The Aftermath Begins

Spiegel Online International is describing it, albeit with some misconceptions.

Not even savings accounts are safe, as was recently seen in Cyprus. Such deposits are actually guaranteed to up to €100,000, but the euro rescuers cared little about this as they desperately searched for funds.  Cypriot small savers may have escaped this time around, but the realization remains, even beyond Cyprus, that a state teetering on the edge of bankruptcy will resort to all available means to raise money—and a guarantee is only worth something as long as the entity that stands behind it remains solvent.

Nothing is safe from being seized by the state, no savings account, but also no house or apartment.  …  Governments have even banned the possession of gold during currency crises, forcing citizens to exchange the precious metal for the national currency.
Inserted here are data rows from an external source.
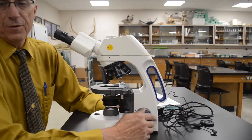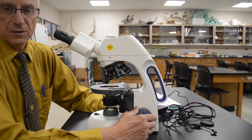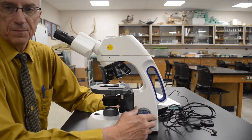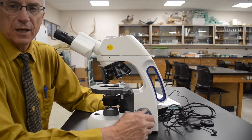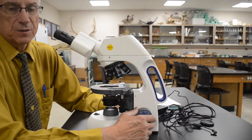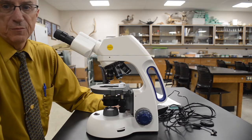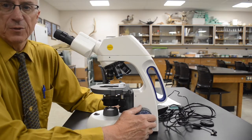One thing you need to know is that microscopes are complicated pieces of scientific equipment. If they're well cared for and well treated, they will last a long, long time. If they're not, they simply won't. And believe me, on school budgets, you do not want to have to replace microscopes.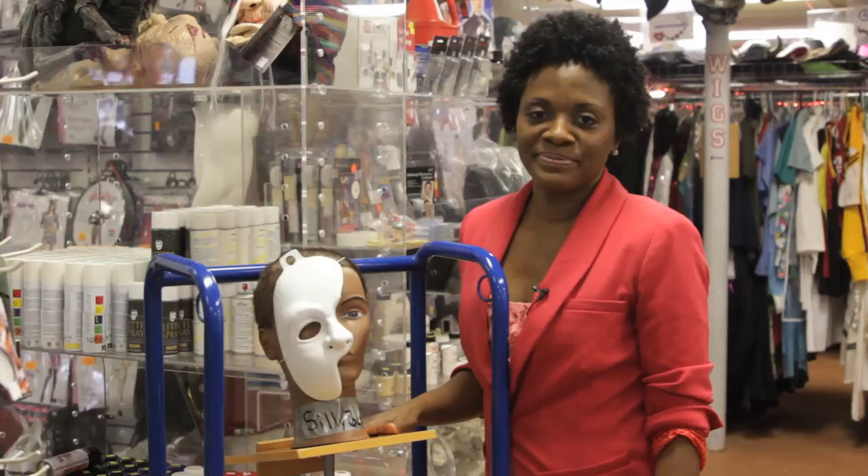Hi, I'm Dr. Myesha Akbar. I'm an assistant professor of speech and drama, and today I want to talk to you about how to make your face up like the Phantom of the Opera.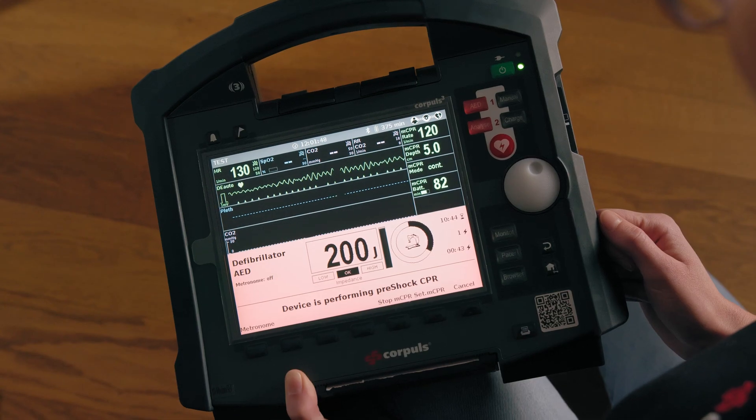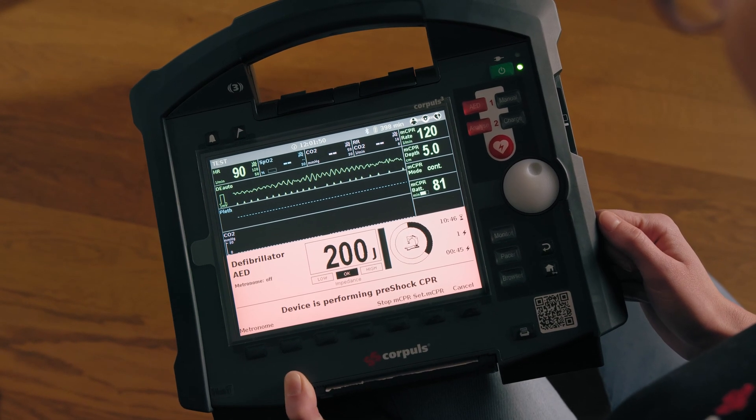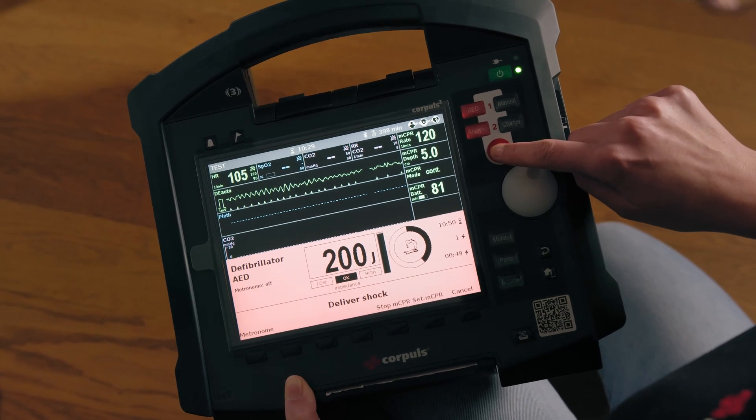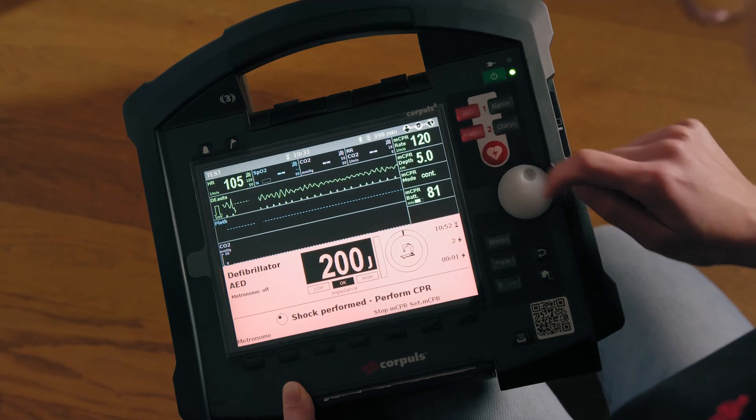Everyone move away from the patient. Everyone is away, then I will deliver the shock. Shock has been delivered. We just did that in AED mode. In principle it is easy because the two devices work completely separately. The only thing to remember is that no one touches the patient during the analysis and during the shock delivery, and that you hold the shock button long enough while delivering the shock and that the shock is actually delivered.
That’s the nub of the aftermath.  No one’s private property is safe from an overweening government.

Those paragraphs, though, carries SOI‘s first misconception: the original demand to expropriate private savings came from the Euro Group, not Cyprus.  Cyprus’ Parliament rejected it at the start.  However, Cyprus’ government, including its Parliament, is complicit in the present theft—it could have rejected that attempt, too.

Then there’s this:

Greece and Cyprus have millionaires and billionaires of whom many profited from the artificial boom fueled by low interest rates after the introduction of the euro—a boom that subsequently went bust.  Why shouldn’t they help finance efforts to deal with the aftermath?  Is it fairer to place the burden on the euro bailout fund, and thus distribute it among the taxpayers of other countries?

Why shouldn’t they?  The question is a demonstration of the lack of understanding.  Why should folks who played by the rules placed before them, and with no other responsibility for the companies, have to pay for the failures of the companies, at least as part of the first resort?  Why should not the companies’ investors and creditors be the only ones to suffer the consequences of the failure of their investments and loans—or at least be wiped out entirely  before depositors—those not responsible at all—suffer any loss?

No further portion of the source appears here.